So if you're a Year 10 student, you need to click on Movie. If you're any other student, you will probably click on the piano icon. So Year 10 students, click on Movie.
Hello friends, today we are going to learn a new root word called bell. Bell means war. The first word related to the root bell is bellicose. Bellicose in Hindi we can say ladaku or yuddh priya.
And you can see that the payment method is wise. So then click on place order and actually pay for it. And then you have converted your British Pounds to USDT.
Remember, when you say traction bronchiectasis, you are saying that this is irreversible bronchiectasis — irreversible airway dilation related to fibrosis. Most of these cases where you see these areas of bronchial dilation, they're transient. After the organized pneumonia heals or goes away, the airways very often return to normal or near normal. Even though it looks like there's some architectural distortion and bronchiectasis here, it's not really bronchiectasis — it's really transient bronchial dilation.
* * *
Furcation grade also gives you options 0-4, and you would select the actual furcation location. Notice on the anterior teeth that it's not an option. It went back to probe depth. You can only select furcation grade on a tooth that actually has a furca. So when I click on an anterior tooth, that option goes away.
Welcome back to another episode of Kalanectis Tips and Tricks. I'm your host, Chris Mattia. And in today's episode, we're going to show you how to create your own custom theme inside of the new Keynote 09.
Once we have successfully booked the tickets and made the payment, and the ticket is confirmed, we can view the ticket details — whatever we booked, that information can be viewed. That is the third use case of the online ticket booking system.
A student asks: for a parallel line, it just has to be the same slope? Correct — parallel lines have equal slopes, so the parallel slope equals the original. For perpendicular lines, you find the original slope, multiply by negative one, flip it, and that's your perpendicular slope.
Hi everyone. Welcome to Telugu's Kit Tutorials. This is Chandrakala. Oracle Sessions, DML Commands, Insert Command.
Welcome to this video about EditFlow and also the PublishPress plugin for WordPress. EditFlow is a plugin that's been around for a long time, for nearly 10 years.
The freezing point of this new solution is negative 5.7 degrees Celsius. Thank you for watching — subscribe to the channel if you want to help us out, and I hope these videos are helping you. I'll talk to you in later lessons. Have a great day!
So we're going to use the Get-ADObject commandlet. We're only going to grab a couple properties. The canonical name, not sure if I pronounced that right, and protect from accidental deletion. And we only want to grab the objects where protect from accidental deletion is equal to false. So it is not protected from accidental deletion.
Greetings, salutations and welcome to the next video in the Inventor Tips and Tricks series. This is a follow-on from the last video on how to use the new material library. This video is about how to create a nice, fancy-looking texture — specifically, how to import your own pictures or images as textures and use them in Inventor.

**What to do**
Retrieve each line of the data in which the word "only" can be found.

**Result below**
Furcation grade also gives you options 0-4, and you would select the actual furcation location. Notice on the anterior teeth that it's not an option. It went back to probe depth. You can only select furcation grade on a tooth that actually has a furca. So when I click on an anterior tooth, that option goes away.
So we're going to use the Get-ADObject commandlet. We're only going to grab a couple properties. The canonical name, not sure if I pronounced that right, and protect from accidental deletion. And we only want to grab the objects where protect from accidental deletion is equal to false. So it is not protected from accidental deletion.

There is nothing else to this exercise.